Mogol-Battisti, assi in coppia

Ci sono libri che riassumono una vita di studio, di attenzione al particolare, di visione generale costruita sulla sedimentazione creativa di una pluralità di apporti proficui. A volte ritornano, questi libri, e quando si ripresentano hanno cambiato aspetto, dimensioni, e assunto nuova complessità. Nel 1997 per Castelvecchi apparve Mogol-Battisti, l’alchimia del verso cantato, un bel tomo a opera di Gianfranco Salvatore, allora quarantenne. Salvatore, docente all’Università del Salento, storico culturale, etnomusicologo, musicista, è uno dei più brillanti pionieri in Italia (e non solo) nello studio della popular music, sempre contestualizzata nel cuore della complessa e rizomatica vicenda della grande famiglia di note afroamericana.
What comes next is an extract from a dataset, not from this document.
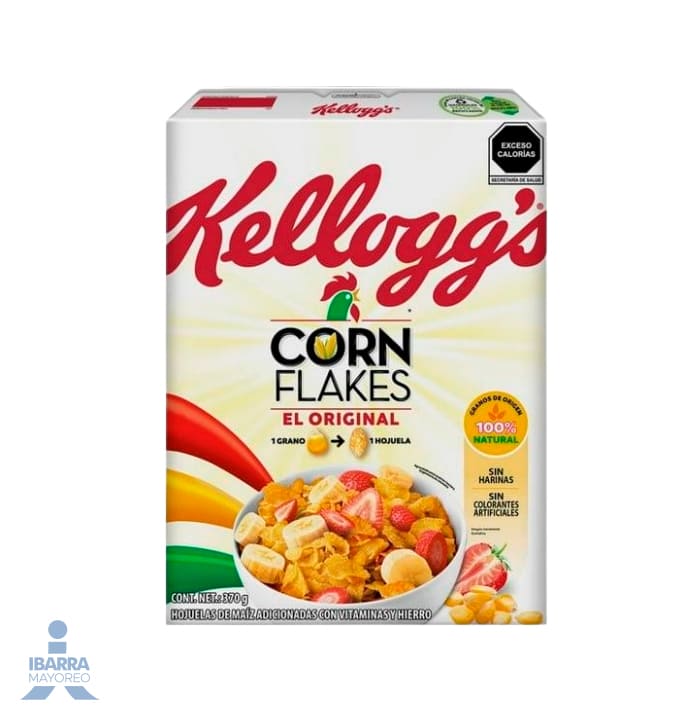 Cereal Kelloggs Corn Flakes 370 g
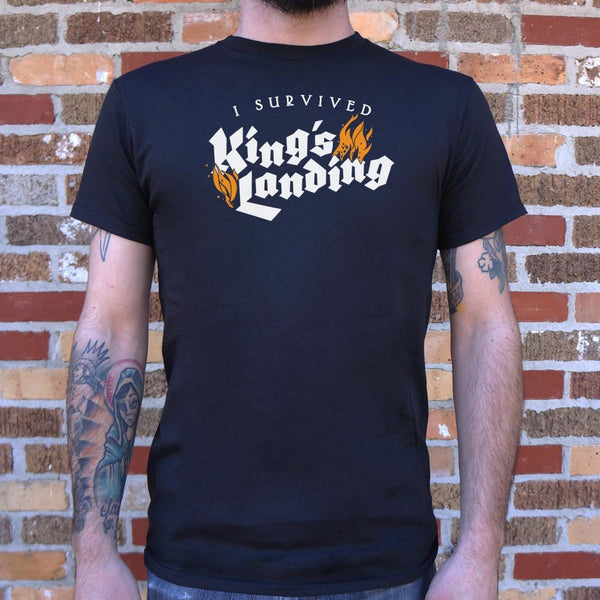 I Survived King's Landing Men's T-Shirt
Ha scritto sui Beatles come su Charles Parker, sui Pink Floyd di The Wall come sulla diaspora schiavistica nera in età rinascimentale e i suoi poco indagati riflessi nel teatro e nella musica in Italia, nel Nord Europa e nel Mediterraneo tutto. Adesso torna, per la serie Musica Contemporanea e i tipi di Mimesi Mogol-Battisti, e le circa quattrocento pagine originarie sono diventate ora 554. L’opus magnum su quella coppia magica e concreta assieme che approfondì, sconvolse, ribaltò, confermò il concetto stesso di «canzone» in Italia, con un’alchimia complessa e mai più ripetuta, nella Penisola, che forse può trovare confronto nella popular music globale solo con la coppia Lennon-McCartney. Nell’impossibilità di dar conto, in breve spazio, della profondità di analisi di Salvatore, segnaliamo qualche tratto di novità dell’imponente volume che, è il caso di dire, fa piazza pulita di decine di testi meramente encomiastici sulla celeberrima «coppia d’autore». Intanto una prefazione di Giulio Rapetti Mogol stesso, che valorizza la centratura di Salvatore nel ricostruire il suo percorso testuale per Battisti tra sensualità, spiritualità, afflato cosmico, sperimentazione linguistica; poi, in coda una clamorosa intervista di Salvatore a Pasquale Panella, sul post-Mogol: sembra di leggere Carmelo Bene che nega il suo essere attore mentre sta recitando.